Here are 10 basic steps for ICD-10 implementation in surgery centers, based on information provided by CMS. Visit the CMS website to learn more about ICD-10 implementation.
1. Identify your current systems and work processes that use ICD-9 codes. This could include your clinical documentation, encounter forms/superbills, practice management system, electronic health record system, contracts and public health and quality reporting protocols. It is likely that wherever ICD-9 codes now appear, ICD-10 codes will take their place.
2. Talk with your practice management system vendor about accommodations for both Version 5010 and ICD-10 codes. Contact your vendor and ask what updates they are planning to your practice management system for both Version 5010 and ICD-10, and when they expect to have it ready to install. Check your contract to see if upgrades are included as part of your agreement. If you are in the process of making a practice management or related system purchase, ask if it is Version 5010 and ICD-10 ready.

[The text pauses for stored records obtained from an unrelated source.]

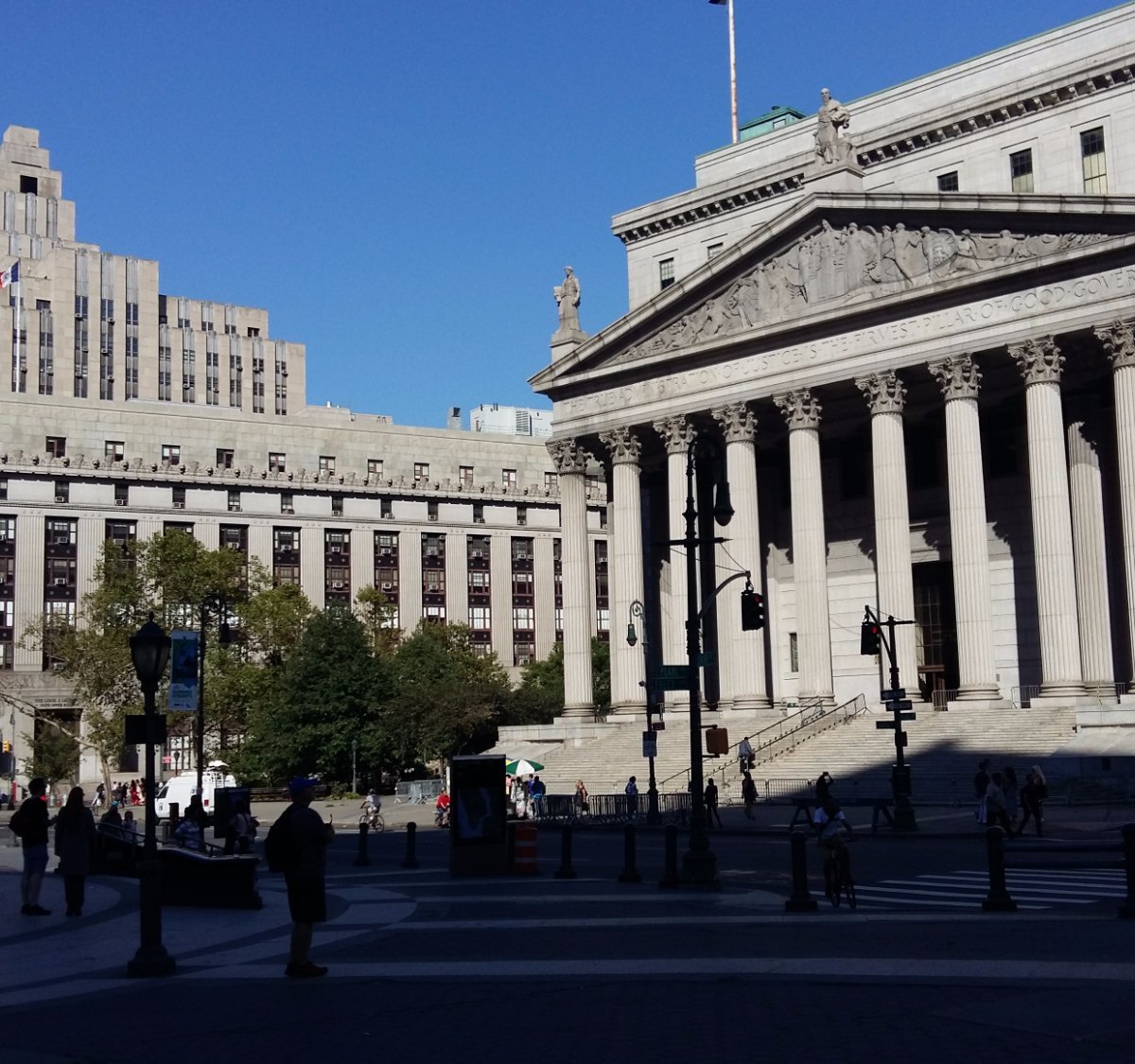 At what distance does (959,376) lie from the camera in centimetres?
5806

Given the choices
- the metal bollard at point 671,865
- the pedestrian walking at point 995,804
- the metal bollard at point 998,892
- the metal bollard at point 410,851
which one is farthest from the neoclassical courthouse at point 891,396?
the metal bollard at point 998,892

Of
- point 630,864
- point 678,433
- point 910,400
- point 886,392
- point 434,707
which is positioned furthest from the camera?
point 434,707

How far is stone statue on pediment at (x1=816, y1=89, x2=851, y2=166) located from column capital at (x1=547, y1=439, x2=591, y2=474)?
57.0ft

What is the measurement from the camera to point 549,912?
23641mm

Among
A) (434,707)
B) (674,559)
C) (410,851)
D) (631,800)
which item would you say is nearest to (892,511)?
(674,559)

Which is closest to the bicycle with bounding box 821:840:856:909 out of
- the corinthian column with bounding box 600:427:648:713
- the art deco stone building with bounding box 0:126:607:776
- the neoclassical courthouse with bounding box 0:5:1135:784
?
the neoclassical courthouse with bounding box 0:5:1135:784

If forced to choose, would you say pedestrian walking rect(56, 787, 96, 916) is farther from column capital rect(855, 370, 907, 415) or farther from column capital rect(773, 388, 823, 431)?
column capital rect(773, 388, 823, 431)

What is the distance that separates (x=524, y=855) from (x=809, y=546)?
32.7 meters

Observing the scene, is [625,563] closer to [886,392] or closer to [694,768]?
[886,392]

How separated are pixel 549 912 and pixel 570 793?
37.9 metres

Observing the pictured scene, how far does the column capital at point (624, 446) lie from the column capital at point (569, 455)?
2511 millimetres

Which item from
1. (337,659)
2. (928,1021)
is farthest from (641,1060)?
(337,659)

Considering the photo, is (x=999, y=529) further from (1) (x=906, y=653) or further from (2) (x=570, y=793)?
(2) (x=570, y=793)

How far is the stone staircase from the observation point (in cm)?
5188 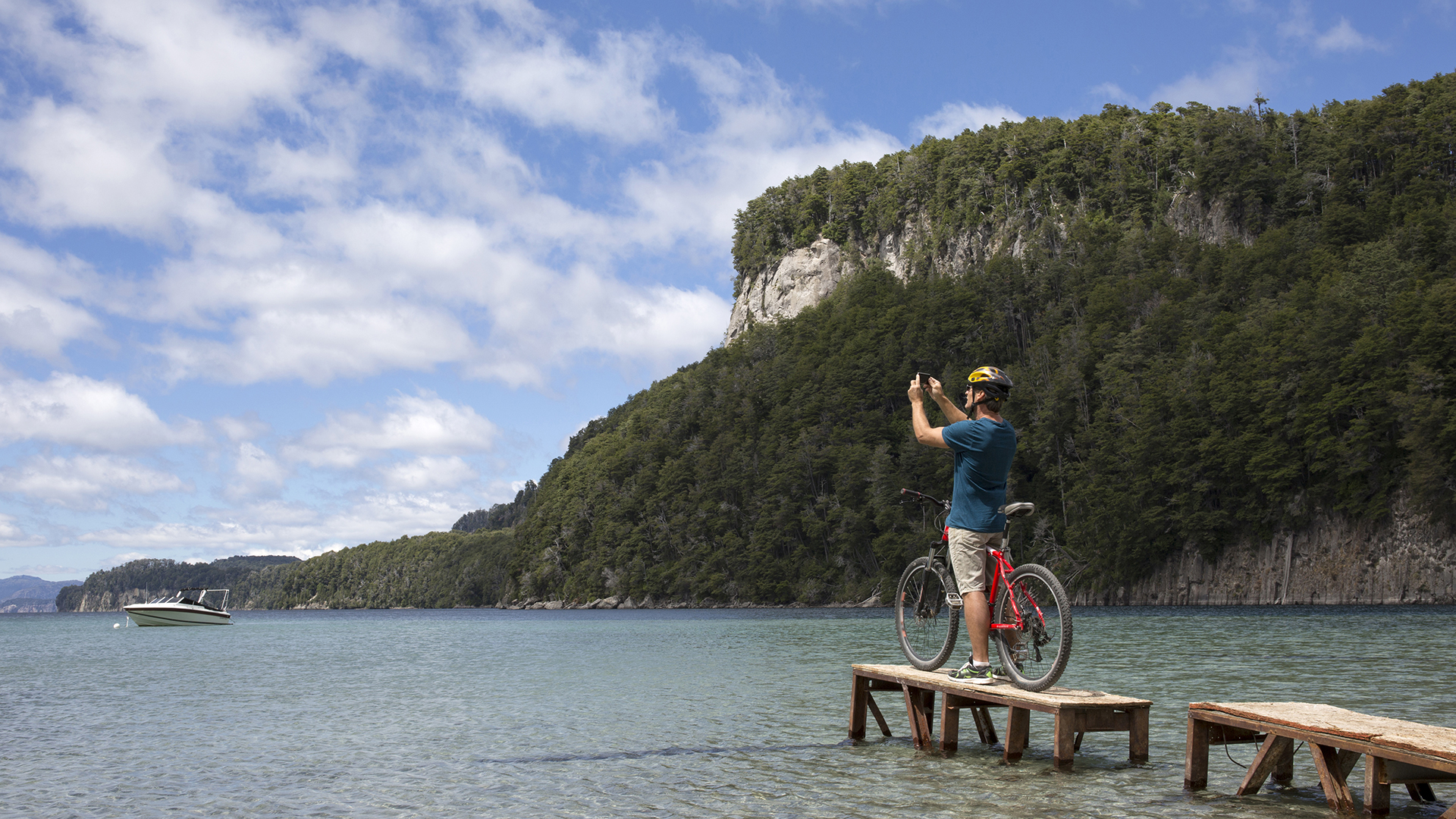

3. Discuss implementation plans with all your clearinghouses, billing services and payors to ensure a smooth transition. Be proactive; don't wait. Contact organizations you conduct business with, such as your payors, clearinghouse or billing service. Ask about their plans for the Version 5010 or ICD-10 compliance and when they will be ready to test their systems for both transitions.
4. Talk with your payors about how ICD-10 implementation might affect your contracts. Because ICD-10 codes are much more specific than ICD-9 codes, payors may modify terms of contracts, payment schedules or reimbursement.
5. Identify potential changes to work flow and business processes. Consider changes to existing processes including clinical documentation, encounter forms and quality and public health reporting.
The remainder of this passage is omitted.